Should synagogues and Jewish day schools get federal tax dollars to help them beef up security to meet the rising terror threat?
That debate is playing out in congressional offices in Washington and communal boardrooms in New York as lawmakers begin work on a measure that would provide up to $100 million to help vulnerable nonprofit organizations cope with the expensive quest for security.
The issue raises thorny church-state and practical concerns. In addition, it represents a huge public relations challenge for the Jewish organizations that played a major role in the bill's introduction.
The threat is real, and the money is needed, but it will take more than need to convince Congress, beset by budget woes that may leave many priorities underfunded, to sign on the dotted line.
For Jewish institutions, the threat is obvious. They are among the soft targets that U.S. intelligence officials say are on Al Qaeda's hit list. In case anybody needed reminding, the apparent arson at a Montreal school punctuated the point.
As the war in Iraq gets messier and Islamic rage grows, there are indications that other terror groups could get in on the act, directing their demented armies of martyrs to U.S. cities. At the top of the list is Hezbollah, which has already demonstrated a willingness to go beyond the Middle East in seeking Jewish targets.
Jewish leaders face a staggering financial burden as anxious communities across the country struggle to meet the security challenge. With federal homeland security funding soaring, Washington was the obvious place to look. But that effort quickly produced the inevitable church-state debate.
Some Jewish groups worried that providing government payments to overtly religious groups like churches and synagogues would set a precedent that advocates of religious school funding would drive through with a truck. Strict church-state separationists also worried that funding for security upgrades would be challenged in court, providing a particularly unfavorable test case that could make it easier for a divided Supreme Court to rule in favor of direct funding for religious groups.

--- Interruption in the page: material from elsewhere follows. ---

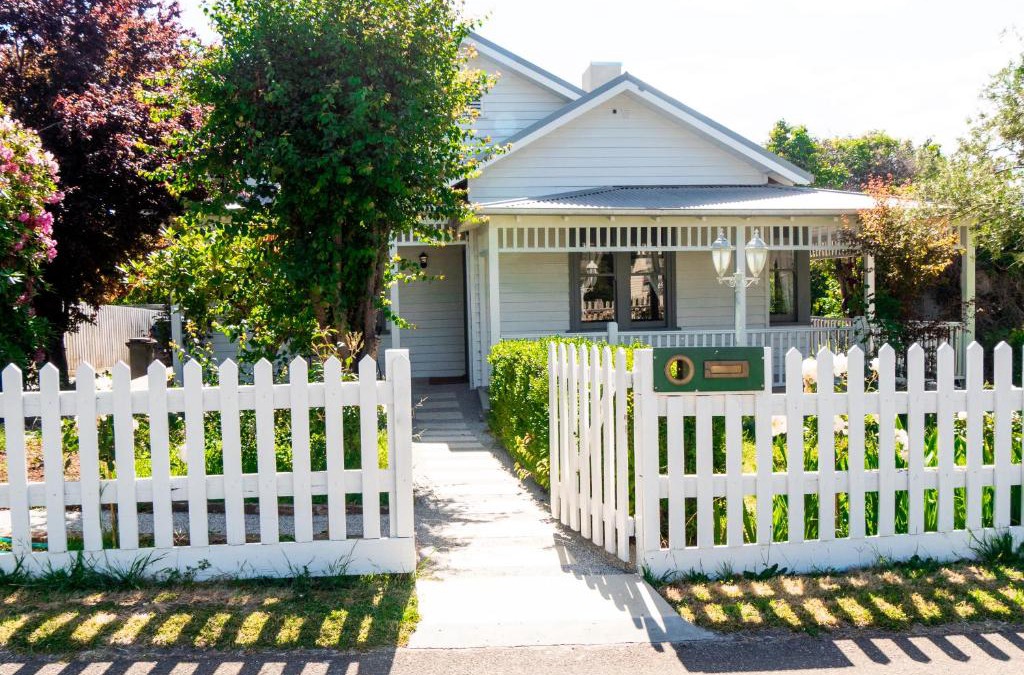 Hepburn Springs House | Di Maggio House - Luxury interiors - Free Parking and Wi-Fi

It's one thing to bar funds for parochial school education, another to bar the money needed to protect houses of worship against suicide bombings. An unfavorable decision by the high court could transform the church-state debate in America, the separationists worried.
The separation issue was mostly solved when Rep. Jerrold Nadler (D-NY) worked out a compromise that would require the Department of Homeland Security to deal directly with contractors, so that no funds would go directly to religious groups. But the Senate bill was disrupted when a lead GOP sponsor, Sen. Sam Brownback (R-Kans.), balked at the church-state compromise.
Harder to deal with are some of the political and public relations issues.
For all the increase in homeland security funding, there are growing concerns that basic services, including first responders like police, fire and rescue departments, are still woefully underfunded.
Congress is facing mushrooming deficits exacerbated by the tremendous costs of wars in Iraq and Afghanistan; overall, the level of funding for homeland security has not come near the level of pious rhetoric coming from both ends of Pennsylvania Avenue. There is growing conflict over how that money is allocated, as well, including disputes over the relative shares going to big cities and smaller communities.
How will the public react if Jewish day schools get money for closed-circuit cameras and additional police protection, while local fire departments complain that they still don't have the money to buy hazardous materials suits and radiation detectors?
That isn't to say that helping those institutions is inappropriate. But the fight for federal money for synagogues and other religious institutions will be difficult and fraught with complications. To avoid them, Jewish leaders will have to be at the forefront of efforts to expand the overall homeland security pie.
A homeland security drive that is seen as strictly self-serving will fail, both legislatively and in terms of community relations. If Jewish leaders want money for schools and synagogues, they'll also have to be prominent in the fight for more money for local first responders.
Regardless of the outcome in Congress, Jewish institutions are going to have to do a much better job raising money through philanthropic channels. Assuming the $100 million is approved, hundreds of synagogues, Jewish centers and schools are likely to apply -- and thousands of other vulnerable nonprofits, religious and nonreligious. In the end, the payout to each successful applicant is likely to be relatively small.
The hard question for Jewish leaders is this: Will those small sums justify the public perception of a prosperous Jewish community going to the federal government with palms extended, when police and fire departments say they are on a starvation diet?
But the stakes in the security race are enormous; it would be reckless for Jewish leaders to turn away from the possibility of even modest federal contributions to the effort.
It's a tricky balancing act; to keep from falling, Jewish leaders will have to be smart, proactive and sensitive to the needs of the nation, not just a vulnerable Jewish community.